Brande has been battling the Alabama Board of Education over various science education issues for years. He helped keep “Of Panda’s and People” — a book scientists consider blatant intelligent design propaganda — out of the state’s science classrooms. But his battle over the evolution disclaimer hasn’t been as fruitful. All though the language has been watered-down over the years, no longer coming right out and saying the theory of evolution is controversial, Brande says the intent’s still the same.
“Even though the board would like you to believe that this is not a partisan issue, this is not a sectarian issue, the fact is they inserted language into the current disclaimer that proves the issue is really one of religion and not science education.”
And Brande says this section, from the Alabama Course of Study: Science, makes that all too abundantly clear.

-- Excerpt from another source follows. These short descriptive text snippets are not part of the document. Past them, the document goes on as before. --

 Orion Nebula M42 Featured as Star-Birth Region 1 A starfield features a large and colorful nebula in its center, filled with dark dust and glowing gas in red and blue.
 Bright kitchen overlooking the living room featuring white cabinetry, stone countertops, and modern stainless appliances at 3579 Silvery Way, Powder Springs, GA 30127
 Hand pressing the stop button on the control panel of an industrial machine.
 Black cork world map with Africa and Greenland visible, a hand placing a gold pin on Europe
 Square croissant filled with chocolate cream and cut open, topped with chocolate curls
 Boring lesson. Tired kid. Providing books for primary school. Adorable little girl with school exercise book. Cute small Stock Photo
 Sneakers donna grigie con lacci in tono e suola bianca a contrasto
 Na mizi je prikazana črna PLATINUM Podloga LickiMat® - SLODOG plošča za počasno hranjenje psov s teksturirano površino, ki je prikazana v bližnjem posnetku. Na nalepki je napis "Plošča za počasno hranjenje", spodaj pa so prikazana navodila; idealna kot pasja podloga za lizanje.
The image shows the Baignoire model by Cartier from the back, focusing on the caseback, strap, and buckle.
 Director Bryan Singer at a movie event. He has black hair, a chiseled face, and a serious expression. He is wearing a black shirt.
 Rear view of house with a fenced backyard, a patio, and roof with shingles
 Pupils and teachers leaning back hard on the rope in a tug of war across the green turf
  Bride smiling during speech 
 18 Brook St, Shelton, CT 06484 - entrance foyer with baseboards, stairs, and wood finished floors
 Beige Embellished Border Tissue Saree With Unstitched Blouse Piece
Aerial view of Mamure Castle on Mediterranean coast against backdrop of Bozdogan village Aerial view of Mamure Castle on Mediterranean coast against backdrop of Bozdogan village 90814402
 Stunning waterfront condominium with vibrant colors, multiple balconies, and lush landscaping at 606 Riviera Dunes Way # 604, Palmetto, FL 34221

Many scientific theories have been developed over time. The value of scientific work, however, is not only the development of theories but also what is learned from the development process. The Alabama Course of Study: Science was developed within the context of trying to establish scientific literacy, not to question or diminish one’s beliefs and/or faith. To that end, this document includes many theories and studies of scientists’ works for examination by students. The works of Copernicus, Newton, and Einstein, to name a few, have provided a basis for much of our knowledge of the world today.
Brande maintains this clearly shows the intent to bring religion into Alabama’s classrooms, but Norris Anderson says that’s not how it is at all.
“No, no it wasn’t designed at all to bring in any other viewpoint but to make sure students understood the nature of science as applied to this particular area.”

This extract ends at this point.